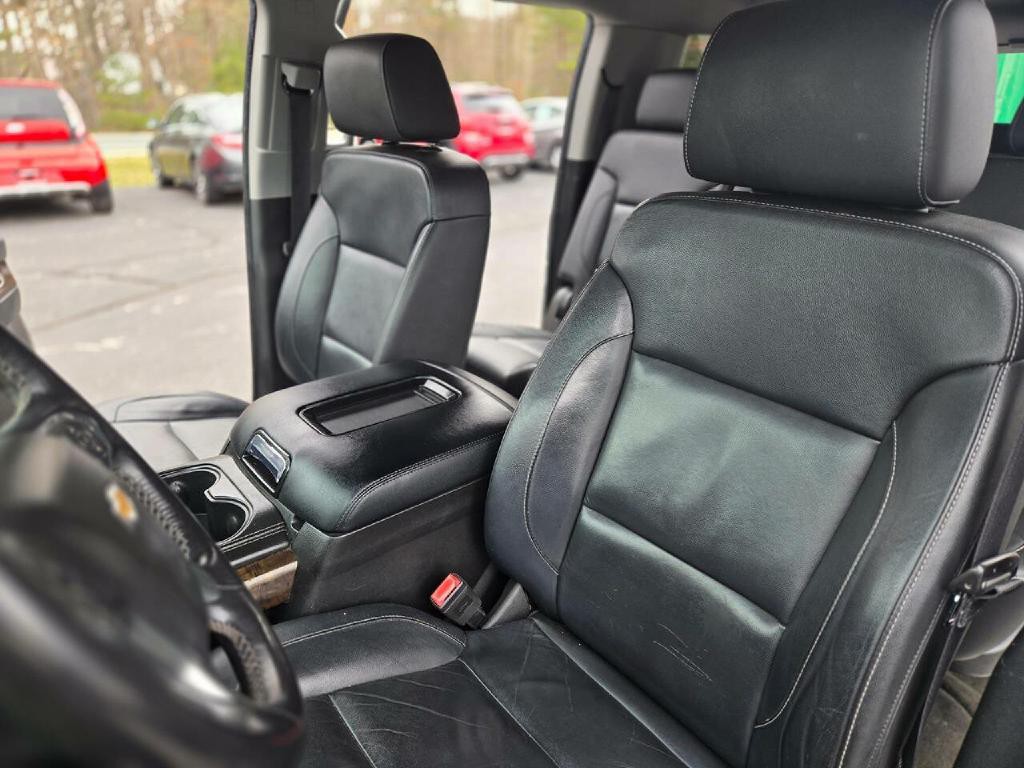 2018 Chevrolet Suburban Image 10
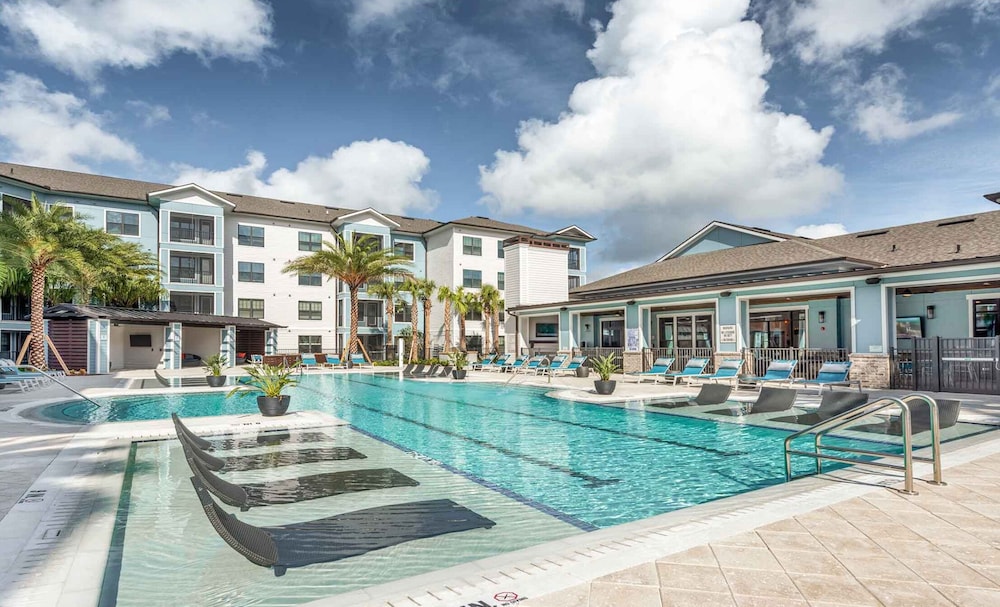 Monarch Apartments 15m to Parks, Pet Friendly, Free Parking by Heavenly Homes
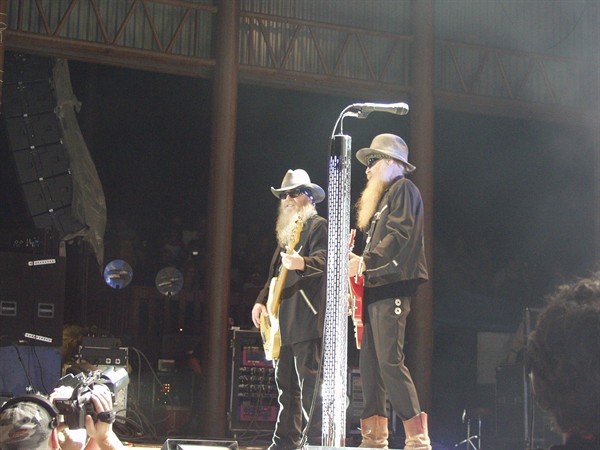 View photos from the 2007 Photos by Steve Wilson - ZZ Top Photo Gallery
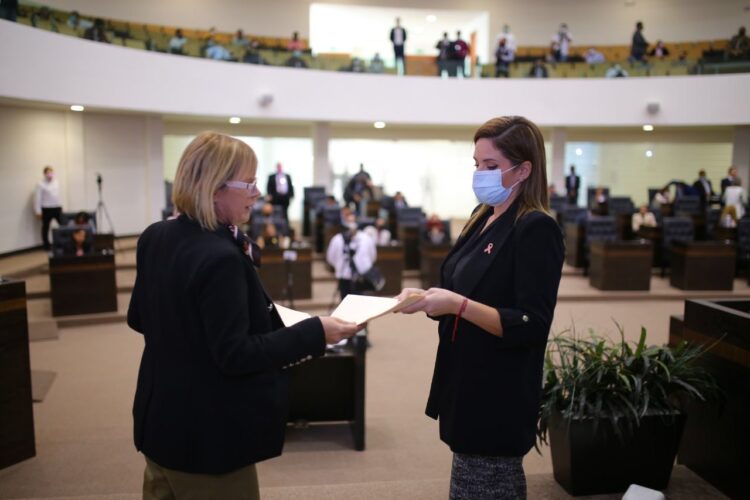 Diputados morenos exhortan a Cabeza de Vaca a que firme el INSABI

+ + + + + + +

Copy out the material exactly as it stands, though no picture should appear in the copy.

# TASK OUTPUT
 2018 Chevrolet Suburban Image 10
 Monarch Apartments 15m to Parks, Pet Friendly, Free Parking by Heavenly Homes
 View photos from the 2007 Photos by Steve Wilson - ZZ Top Photo Gallery
 Diputados morenos exhortan a Cabeza de Vaca a que firme el INSABI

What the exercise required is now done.